Instructions to follow:
Of the entries below, return only those lines from the line with "Garvee Dual Trash" to the line with "vidaXL Förvaringslåda svart", exactly, both included.

------------------------------------------------

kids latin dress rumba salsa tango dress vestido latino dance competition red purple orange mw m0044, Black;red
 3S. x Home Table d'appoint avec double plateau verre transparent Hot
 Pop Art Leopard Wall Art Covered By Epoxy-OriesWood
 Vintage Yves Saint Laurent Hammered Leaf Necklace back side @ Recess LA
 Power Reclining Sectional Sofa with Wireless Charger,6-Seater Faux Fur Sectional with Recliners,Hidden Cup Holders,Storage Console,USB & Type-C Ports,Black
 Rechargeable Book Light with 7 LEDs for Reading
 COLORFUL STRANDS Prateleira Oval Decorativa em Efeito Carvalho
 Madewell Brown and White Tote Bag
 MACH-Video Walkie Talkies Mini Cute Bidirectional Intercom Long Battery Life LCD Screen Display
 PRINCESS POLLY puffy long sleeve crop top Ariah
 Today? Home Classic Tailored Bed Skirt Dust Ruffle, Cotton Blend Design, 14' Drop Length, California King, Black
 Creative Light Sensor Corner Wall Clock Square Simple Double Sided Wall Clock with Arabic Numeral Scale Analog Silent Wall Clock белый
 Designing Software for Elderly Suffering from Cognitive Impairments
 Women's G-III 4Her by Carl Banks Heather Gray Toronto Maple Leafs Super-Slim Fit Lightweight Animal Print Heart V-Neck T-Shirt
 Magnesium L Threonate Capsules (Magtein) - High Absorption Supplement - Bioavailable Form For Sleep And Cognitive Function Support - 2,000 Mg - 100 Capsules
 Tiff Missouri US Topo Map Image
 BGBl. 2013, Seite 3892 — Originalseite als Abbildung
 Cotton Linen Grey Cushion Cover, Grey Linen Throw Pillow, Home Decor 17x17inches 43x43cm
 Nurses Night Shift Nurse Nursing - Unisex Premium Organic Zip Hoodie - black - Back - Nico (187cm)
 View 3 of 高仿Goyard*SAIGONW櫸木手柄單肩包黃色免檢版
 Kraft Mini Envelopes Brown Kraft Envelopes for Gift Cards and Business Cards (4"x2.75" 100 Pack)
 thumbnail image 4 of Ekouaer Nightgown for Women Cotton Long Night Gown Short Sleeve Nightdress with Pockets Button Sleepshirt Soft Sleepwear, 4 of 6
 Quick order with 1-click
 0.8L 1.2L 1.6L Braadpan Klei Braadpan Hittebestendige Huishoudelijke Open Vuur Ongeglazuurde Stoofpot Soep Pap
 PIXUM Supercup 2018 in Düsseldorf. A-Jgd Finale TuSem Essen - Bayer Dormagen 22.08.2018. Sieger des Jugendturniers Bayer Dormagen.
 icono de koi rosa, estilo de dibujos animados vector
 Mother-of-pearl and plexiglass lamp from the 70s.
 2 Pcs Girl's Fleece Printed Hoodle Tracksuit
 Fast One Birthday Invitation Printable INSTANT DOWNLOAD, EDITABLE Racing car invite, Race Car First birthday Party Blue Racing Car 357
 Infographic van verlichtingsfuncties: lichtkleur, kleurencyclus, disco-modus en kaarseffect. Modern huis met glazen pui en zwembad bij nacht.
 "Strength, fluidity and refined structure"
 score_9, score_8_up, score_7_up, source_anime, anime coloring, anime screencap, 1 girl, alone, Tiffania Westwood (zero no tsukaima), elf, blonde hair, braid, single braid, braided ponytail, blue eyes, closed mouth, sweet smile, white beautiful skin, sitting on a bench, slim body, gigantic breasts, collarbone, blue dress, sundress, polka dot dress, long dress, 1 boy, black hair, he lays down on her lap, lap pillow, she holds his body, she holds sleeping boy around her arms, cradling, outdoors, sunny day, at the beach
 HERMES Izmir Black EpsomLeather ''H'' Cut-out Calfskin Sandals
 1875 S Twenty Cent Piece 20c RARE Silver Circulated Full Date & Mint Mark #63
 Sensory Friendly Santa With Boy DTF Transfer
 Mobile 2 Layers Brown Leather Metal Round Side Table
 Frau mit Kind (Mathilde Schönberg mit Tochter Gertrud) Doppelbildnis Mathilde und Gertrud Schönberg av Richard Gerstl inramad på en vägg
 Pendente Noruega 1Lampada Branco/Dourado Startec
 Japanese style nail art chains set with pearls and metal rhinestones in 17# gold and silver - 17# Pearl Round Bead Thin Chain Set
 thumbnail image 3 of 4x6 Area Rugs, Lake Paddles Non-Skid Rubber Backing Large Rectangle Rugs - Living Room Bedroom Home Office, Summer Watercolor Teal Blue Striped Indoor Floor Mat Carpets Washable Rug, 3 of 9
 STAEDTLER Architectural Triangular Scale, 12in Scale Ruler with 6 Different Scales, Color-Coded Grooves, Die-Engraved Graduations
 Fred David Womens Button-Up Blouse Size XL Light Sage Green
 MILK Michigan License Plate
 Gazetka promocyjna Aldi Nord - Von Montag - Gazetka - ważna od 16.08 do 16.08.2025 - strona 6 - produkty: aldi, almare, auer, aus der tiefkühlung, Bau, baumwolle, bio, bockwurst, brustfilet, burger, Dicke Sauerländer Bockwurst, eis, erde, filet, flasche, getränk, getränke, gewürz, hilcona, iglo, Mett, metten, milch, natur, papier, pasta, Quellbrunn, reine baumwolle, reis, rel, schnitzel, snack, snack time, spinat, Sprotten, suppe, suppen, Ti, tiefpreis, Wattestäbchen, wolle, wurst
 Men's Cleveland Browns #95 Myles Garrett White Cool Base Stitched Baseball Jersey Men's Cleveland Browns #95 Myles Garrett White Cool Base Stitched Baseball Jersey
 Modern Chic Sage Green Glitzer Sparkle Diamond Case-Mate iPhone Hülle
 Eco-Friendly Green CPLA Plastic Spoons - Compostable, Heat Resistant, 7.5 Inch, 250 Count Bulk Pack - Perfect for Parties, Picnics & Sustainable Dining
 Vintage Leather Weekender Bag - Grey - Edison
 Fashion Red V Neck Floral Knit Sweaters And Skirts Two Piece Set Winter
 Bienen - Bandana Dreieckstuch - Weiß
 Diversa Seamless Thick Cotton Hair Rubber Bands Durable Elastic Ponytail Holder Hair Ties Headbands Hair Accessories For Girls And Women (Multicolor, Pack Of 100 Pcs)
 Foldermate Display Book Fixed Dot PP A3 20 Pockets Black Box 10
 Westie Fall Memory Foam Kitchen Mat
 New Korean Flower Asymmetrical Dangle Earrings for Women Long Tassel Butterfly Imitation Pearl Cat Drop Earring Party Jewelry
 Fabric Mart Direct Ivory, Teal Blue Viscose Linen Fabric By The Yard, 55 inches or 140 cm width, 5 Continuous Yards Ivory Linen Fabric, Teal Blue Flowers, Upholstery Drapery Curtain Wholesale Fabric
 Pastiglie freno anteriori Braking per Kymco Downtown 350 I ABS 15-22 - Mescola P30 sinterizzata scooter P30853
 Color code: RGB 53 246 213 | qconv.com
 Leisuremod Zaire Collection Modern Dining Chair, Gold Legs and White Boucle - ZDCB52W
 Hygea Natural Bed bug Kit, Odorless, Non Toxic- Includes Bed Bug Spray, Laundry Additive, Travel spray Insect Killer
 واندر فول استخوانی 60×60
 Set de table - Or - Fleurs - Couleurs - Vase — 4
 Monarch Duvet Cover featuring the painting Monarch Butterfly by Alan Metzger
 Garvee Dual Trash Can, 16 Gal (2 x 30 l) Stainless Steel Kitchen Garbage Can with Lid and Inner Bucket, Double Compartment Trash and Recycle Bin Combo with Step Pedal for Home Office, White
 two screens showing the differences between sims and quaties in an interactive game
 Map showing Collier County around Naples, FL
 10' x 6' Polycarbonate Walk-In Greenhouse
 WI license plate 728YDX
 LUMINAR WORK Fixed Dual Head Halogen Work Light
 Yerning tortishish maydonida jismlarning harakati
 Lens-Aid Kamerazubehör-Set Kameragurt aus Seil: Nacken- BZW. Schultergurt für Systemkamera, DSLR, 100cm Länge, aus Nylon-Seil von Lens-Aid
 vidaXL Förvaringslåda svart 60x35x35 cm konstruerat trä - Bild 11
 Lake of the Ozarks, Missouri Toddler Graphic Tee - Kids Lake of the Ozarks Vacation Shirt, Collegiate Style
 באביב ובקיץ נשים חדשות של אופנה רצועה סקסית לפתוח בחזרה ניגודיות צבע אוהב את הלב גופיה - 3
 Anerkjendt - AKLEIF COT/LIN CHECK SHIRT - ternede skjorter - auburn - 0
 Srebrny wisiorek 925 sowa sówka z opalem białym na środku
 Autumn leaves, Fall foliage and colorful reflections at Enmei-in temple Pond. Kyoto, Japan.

------------------------------------------------

Answer to the exercise:
 Garvee Dual Trash Can, 16 Gal (2 x 30 l) Stainless Steel Kitchen Garbage Can with Lid and Inner Bucket, Double Compartment Trash and Recycle Bin Combo with Step Pedal for Home Office, White
 two screens showing the differences between sims and quaties in an interactive game
 Map showing Collier County around Naples, FL
 10' x 6' Polycarbonate Walk-In Greenhouse
 WI license plate 728YDX
 LUMINAR WORK Fixed Dual Head Halogen Work Light
 Yerning tortishish maydonida jismlarning harakati
 Lens-Aid Kamerazubehör-Set Kameragurt aus Seil: Nacken- BZW. Schultergurt für Systemkamera, DSLR, 100cm Länge, aus Nylon-Seil von Lens-Aid
 vidaXL Förvaringslåda svart 60x35x35 cm konstruerat trä - Bild 11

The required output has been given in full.